Dez balões amarelos ou uma criança de 22 anos de idade

 

Já um pouco cansada a professora enche dez balões amarelos. Pede as crianças, todas com cinco anos de idade, que façam uma fila para recebe-los. Assim ordenados os leva a uma área externa a sala de aula, mas ainda nas dependências da escola.

Senta-se em um banquinho e fica os observando jogar os balões pra cima. Pra cima. Pra cima. Pega do chão. Pra cima. Direita. Pega do chão. Pra cima. Esquerda. E em cima, chão, direita, esquerda.

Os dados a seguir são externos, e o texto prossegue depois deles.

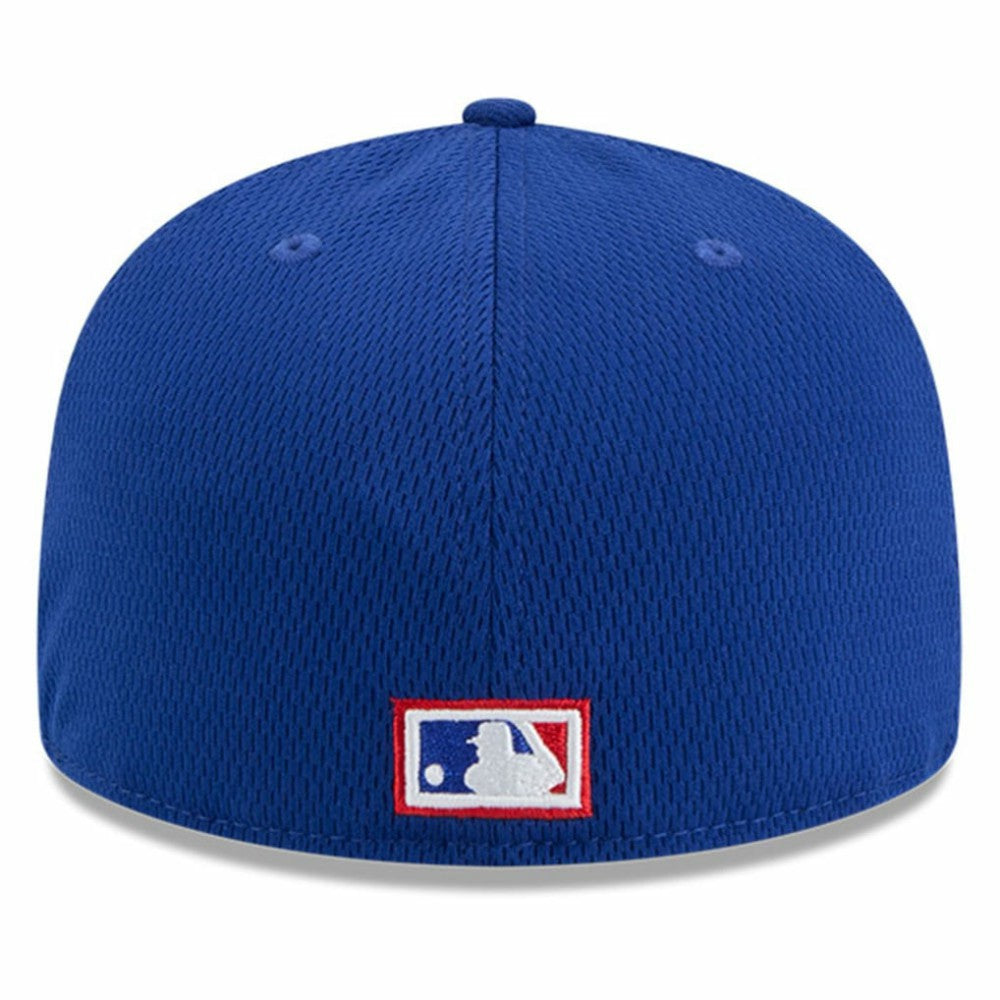 Atlanta Braves New Era 2025 MLB Clubhouse 59FIFTY Fitted Hat | MLB Discount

O que até então lembrava uma dança passa em questão de milésimo de segundo a luta de boxe, já que duas meninas começam a brigar pelo mesmo balão. Uma delas simplesmente não sabe onde o seu foi parar, e está segura que o balão em questão é o seu. “Se não fosse, não se importaria que, ainda que injustamente, viesse a ser”, pensa com censura a professora. “Ah, não pensam assim muitos adultos? O importante é vencer. Vencer sempre. E que eu seja o vencedor. O que importa a moralidade dos meios, se o fim for alcançado?” Tem suas reflexões do “ao vencedor as batatas” interrompida pela solicitação das pleiteantes a intervir.

- Tia, meu balão!

- É MEU!

- Meninas...

- Meu!

- Meninas!

- É MEU!

- MENINAS!

Violentamente a dona pega o balão e corre, a perdedora põe-se a chorar e se encaminha pra sala de aula. Uma terceira acha o balão perdido e a chama, mas ela não ouve, pois o choro não deixa. A terceira continua a chamar, e nada de ser ouvida; a preocupação de continuar se deleitado no próprio choro não permite. 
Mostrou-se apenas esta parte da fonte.